„Nürnberg forscht 2“ knüpft an das Vorgängerprojekt an und bringt den Citizen-Science-Ansatz in ausgewählte Quartiere Nürnbergs: Menschen können sich an der wissenschaftlichen Erforschung ihres Stadtteils aktiv beteiligen und ihr Alltagswissen einbringen. Dabei stehen vielmehr sozialräumliche und interkulturelle als bauliche Fragen im Vordergrund - etwa Fragen des sozialen Zusammenhalts, alltäglicher Interaktionen oder der Nutzung von Begegnungsräumen.
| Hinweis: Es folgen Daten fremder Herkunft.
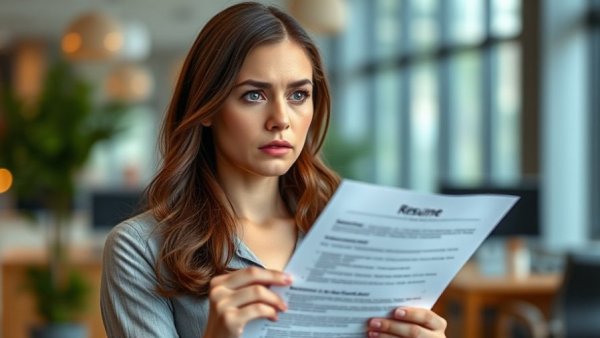 Concerned woman in job interview discussing red flags in hiring 2026.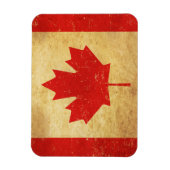 Vintages Design für Kanada-Flagge Magnet (Vertikal)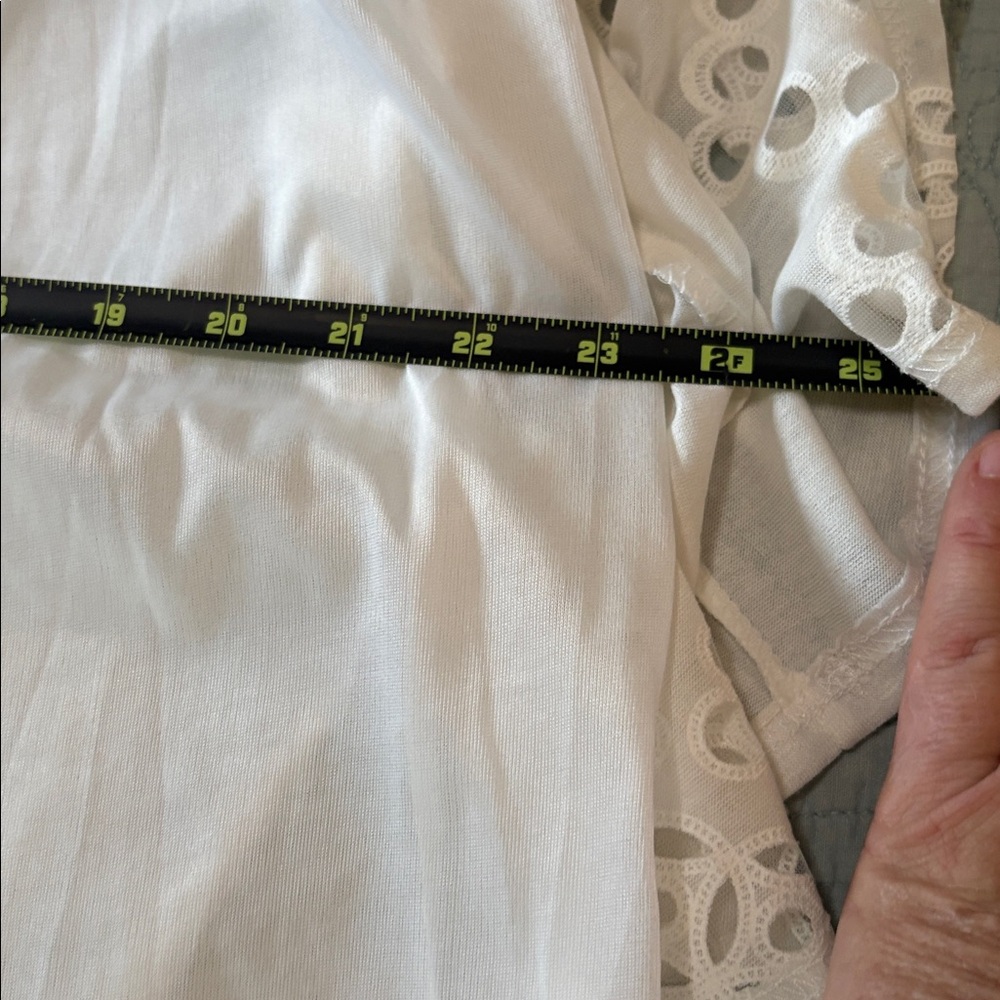 White Lace Maxi Skirt M - Picture 12 of 12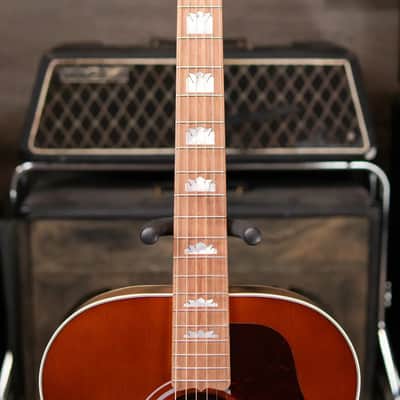 Gibson SJ-200 Studio Walnut Jumbo Acoustic/Electric Guitar - Satin Walnut Burst with Hardshell Case image 5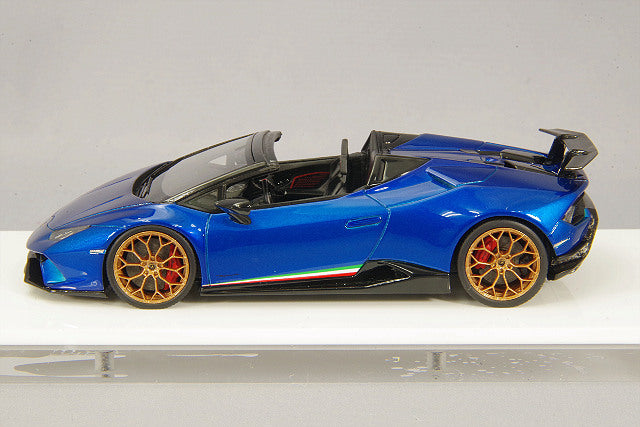 Chargez l&#39;image dans la visionneuse de la galerie, EIDOLON 1/43 Lamborghini Huracan Performante Spyder 2018 Candy Blue Limited 30 Units
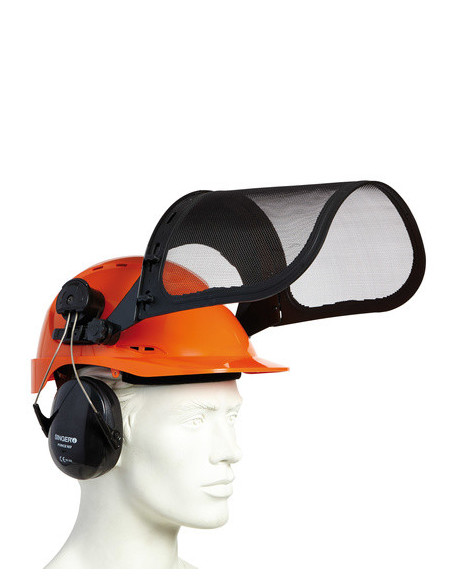 Casque forestier complet avec visière grillagée FOREST1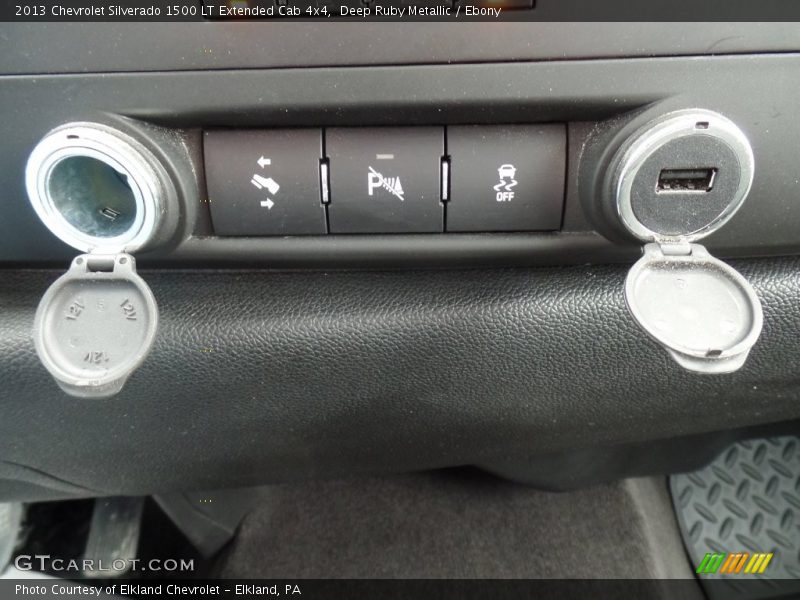 Deep Ruby Metallic / Ebony 2013 Chevrolet Silverado 1500 LT Extended Cab 4x4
Viele Menschen prägen das Leben in Nürnbergs Stadtteilen, doch nicht alle Stimmen finden in klassischen Beteiligungsformaten gleichermaßen Gehör. Besonders Menschen mit Zuwanderungsgeschichte sind häufig unterrepräsentiert, obwohl ihre Erfahrungen und Sichtweisen sehr wertvoll sind.
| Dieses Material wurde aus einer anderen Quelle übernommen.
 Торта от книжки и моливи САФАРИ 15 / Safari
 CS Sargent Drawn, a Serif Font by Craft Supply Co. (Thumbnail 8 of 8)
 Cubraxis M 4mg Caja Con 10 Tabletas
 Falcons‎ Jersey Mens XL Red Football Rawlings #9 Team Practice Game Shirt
Hier setzt das Projekt an: Bewohner*innen werden eingeladen, selbst zu Forschenden zu werden und ihr Wissen über ihr Lebensumfeld zu teilen. Mit Methoden wie Community Mapping, Stadtteilspaziergängen, Fokusgruppen und Interviews entsteht ein vielschichtiges Bild des Alltags – direkt aus der Perspektive derjenigen, die ihn gestalten.
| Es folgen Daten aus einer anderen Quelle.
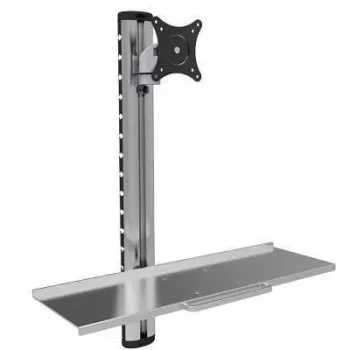 Techly ICA-PLW-01 monitora sienas stiprinājums 27 collām sudraba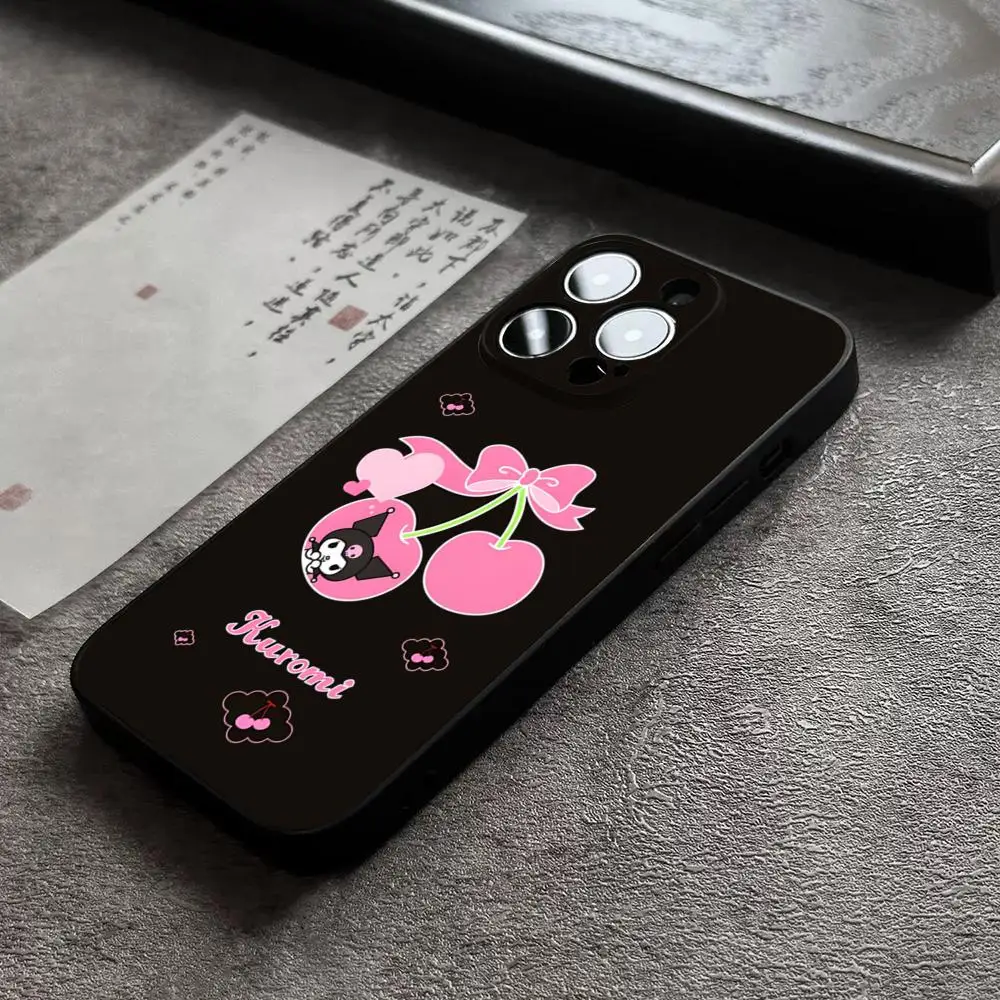 Cute cartoon Kuromi Phone Case for 15 Pro Max iphone 14 Pro Max 12 13 Mini 11 Xr X Xs 8 7 Plus Silicone Back Cover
In der Citizen Science können alle mitforschen - auch ohne Studium oder wissenschaftlichen Beruf. Es gibt zahlreiche Projekte in den Bereichen Umwelt, Natur und Technik, in denen Menschen ihre Umwelt beobachten, Daten sammeln, Informationen auswerten oder eigene Ideen und Fragestellungen in die Forschung miteinbringen.
Aber auch in der Sozialforschung eignen sich Citizen-Science-Projekte sehr gut, um das Wissen von Bürger*innen für die Entwicklung der Gesellschaft zu gewinnen. Denn jeder und jede beobachtet gesellschaftliche Entwicklungen im persönlichen sozialen Umfeld und sammelt dadurch (bewusst und unbewusst) gesellschaftsrelevantes Wissen.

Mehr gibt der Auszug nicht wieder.